*** Records for the exercise
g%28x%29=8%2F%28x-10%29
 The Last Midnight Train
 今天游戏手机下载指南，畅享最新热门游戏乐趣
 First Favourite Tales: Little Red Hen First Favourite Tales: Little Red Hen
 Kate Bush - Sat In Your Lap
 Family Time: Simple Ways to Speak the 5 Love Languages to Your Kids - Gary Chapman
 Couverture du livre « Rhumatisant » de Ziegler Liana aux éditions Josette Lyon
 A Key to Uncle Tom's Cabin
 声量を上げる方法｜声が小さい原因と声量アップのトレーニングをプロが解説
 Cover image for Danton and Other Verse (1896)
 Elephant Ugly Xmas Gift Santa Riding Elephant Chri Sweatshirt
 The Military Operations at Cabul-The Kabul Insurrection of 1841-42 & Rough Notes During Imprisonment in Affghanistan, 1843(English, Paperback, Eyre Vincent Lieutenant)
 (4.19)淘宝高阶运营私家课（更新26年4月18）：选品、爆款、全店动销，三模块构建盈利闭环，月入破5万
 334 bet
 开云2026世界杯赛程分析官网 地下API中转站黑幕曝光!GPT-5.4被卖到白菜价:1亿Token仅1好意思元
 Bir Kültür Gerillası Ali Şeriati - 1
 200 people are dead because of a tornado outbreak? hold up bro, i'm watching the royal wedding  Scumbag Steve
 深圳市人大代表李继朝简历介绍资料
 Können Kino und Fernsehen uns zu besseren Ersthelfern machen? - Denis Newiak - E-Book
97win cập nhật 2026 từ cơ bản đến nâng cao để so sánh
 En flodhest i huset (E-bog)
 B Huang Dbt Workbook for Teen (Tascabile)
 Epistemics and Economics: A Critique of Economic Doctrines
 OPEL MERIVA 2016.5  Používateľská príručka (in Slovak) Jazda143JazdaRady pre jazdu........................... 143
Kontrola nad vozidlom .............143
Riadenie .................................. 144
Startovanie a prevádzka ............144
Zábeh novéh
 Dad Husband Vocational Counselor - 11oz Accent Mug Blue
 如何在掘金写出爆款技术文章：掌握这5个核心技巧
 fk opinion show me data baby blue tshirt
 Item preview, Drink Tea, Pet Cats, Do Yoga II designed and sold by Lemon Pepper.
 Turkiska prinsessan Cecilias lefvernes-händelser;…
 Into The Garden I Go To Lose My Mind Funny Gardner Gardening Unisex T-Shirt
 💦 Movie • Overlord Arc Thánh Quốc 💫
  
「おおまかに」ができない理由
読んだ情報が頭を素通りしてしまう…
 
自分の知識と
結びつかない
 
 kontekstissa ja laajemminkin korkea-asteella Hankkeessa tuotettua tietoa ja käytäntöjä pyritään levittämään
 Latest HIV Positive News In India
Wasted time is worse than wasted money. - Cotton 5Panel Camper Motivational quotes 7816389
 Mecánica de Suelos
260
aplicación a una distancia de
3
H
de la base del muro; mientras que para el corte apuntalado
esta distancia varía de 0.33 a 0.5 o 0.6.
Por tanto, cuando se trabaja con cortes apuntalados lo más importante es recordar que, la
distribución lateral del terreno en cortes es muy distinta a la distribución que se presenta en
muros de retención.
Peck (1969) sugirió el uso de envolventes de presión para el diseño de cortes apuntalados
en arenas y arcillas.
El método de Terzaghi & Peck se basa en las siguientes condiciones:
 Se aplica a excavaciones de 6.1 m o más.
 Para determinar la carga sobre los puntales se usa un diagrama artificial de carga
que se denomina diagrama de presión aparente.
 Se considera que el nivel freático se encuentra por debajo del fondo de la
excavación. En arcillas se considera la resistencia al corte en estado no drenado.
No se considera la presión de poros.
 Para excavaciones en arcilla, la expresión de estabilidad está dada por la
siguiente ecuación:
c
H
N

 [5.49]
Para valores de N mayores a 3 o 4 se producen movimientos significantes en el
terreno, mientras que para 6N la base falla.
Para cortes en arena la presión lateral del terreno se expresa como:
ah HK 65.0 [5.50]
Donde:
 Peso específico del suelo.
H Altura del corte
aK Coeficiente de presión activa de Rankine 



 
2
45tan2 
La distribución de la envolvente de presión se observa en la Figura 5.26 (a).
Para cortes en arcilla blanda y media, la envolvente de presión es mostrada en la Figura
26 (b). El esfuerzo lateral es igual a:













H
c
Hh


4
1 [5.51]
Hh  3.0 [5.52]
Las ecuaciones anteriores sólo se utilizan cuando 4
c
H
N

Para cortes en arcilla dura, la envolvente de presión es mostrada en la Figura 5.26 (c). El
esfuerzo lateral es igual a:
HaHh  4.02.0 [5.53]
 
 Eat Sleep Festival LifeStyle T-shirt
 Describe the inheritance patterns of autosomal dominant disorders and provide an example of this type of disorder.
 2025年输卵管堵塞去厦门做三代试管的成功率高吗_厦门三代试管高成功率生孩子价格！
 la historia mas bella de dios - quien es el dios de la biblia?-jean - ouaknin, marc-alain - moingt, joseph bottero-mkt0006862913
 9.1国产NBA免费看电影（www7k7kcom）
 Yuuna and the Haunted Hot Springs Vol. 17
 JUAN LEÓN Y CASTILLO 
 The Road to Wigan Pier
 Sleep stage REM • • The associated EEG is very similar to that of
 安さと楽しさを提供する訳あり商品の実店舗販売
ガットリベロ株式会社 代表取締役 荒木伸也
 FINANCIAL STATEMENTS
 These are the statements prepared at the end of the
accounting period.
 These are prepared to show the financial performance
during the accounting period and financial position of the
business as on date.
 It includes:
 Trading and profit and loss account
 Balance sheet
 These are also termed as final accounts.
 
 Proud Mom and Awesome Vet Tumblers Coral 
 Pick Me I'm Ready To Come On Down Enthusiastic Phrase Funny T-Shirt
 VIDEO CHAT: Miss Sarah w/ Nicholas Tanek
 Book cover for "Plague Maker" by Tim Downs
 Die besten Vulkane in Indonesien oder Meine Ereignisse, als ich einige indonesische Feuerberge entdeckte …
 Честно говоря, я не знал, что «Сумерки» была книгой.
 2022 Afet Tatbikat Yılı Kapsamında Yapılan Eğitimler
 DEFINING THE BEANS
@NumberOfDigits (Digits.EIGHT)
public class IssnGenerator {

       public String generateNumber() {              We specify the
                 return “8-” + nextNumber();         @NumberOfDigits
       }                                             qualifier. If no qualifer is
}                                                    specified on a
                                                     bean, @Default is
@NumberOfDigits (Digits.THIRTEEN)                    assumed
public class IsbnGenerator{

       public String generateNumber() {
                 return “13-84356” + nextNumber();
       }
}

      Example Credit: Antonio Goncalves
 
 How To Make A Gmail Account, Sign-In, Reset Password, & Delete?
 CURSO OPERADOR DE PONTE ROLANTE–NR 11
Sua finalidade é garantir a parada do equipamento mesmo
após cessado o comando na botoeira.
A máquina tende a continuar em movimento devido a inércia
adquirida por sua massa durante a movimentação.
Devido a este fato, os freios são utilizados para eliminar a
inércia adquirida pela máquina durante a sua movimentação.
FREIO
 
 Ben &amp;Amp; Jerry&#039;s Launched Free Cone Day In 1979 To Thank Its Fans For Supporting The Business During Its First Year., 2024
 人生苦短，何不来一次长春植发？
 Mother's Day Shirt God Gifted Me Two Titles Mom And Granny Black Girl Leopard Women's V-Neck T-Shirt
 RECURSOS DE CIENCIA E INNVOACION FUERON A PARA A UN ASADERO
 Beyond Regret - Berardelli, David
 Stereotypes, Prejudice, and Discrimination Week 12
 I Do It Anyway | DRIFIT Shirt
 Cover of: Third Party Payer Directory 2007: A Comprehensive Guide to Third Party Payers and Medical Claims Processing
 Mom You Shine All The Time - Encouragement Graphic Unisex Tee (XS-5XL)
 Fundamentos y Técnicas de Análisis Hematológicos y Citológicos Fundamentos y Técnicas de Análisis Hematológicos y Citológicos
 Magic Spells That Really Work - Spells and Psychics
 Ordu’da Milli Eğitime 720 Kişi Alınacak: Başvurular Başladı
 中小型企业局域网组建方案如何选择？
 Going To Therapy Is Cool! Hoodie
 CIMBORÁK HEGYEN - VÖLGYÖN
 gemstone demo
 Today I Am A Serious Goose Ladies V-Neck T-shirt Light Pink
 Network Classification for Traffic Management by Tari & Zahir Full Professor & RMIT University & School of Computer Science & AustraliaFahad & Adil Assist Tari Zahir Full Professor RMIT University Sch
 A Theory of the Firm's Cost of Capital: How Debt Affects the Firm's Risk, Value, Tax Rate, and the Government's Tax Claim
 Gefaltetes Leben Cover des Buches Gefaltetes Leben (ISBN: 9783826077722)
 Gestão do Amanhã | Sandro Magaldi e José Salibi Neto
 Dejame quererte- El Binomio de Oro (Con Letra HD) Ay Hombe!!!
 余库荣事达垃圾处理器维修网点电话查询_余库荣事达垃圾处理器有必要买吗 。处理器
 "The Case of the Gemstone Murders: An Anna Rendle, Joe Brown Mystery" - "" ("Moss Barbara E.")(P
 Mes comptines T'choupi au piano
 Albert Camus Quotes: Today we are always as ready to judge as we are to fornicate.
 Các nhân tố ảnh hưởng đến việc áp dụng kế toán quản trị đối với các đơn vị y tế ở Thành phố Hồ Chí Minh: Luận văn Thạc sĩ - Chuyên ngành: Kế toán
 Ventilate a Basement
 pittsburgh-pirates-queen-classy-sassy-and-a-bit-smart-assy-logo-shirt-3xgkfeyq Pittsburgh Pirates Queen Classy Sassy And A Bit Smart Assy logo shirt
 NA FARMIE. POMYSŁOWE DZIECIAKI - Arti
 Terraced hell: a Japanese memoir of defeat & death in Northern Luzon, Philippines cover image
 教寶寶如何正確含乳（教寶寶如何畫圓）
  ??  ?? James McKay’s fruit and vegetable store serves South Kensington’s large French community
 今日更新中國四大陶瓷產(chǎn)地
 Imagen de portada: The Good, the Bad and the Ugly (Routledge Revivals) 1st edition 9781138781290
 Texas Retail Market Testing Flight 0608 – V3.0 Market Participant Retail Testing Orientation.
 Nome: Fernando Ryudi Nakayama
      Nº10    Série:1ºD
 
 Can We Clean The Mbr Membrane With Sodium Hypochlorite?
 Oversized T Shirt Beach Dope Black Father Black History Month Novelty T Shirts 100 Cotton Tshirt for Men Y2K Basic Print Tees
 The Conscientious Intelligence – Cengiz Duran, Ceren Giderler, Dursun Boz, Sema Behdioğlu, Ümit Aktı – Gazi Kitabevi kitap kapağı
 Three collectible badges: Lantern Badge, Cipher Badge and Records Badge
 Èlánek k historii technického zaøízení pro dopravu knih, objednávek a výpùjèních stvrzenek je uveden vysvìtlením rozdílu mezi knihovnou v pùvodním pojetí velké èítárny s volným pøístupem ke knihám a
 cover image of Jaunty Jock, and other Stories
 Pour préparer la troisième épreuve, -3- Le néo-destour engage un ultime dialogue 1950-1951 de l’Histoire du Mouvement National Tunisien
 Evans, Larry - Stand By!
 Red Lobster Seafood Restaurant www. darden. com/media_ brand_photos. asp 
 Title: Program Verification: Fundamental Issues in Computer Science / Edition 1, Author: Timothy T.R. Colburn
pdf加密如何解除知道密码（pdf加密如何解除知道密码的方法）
******
_Work instruction_. The response should be the listing above, limited to the lines between the one holding "gemstone demo" and the one holding "Gestão do Amanhã", inclusive, reproduced exactly.

_Exercise response_.
 gemstone demo
 Today I Am A Serious Goose Ladies V-Neck T-shirt Light Pink
 Network Classification for Traffic Management by Tari & Zahir Full Professor & RMIT University & School of Computer Science & AustraliaFahad & Adil Assist Tari Zahir Full Professor RMIT University Sch
 A Theory of the Firm's Cost of Capital: How Debt Affects the Firm's Risk, Value, Tax Rate, and the Government's Tax Claim
 Gefaltetes Leben Cover des Buches Gefaltetes Leben (ISBN: 9783826077722)
 Gestão do Amanhã | Sandro Magaldi e José Salibi Neto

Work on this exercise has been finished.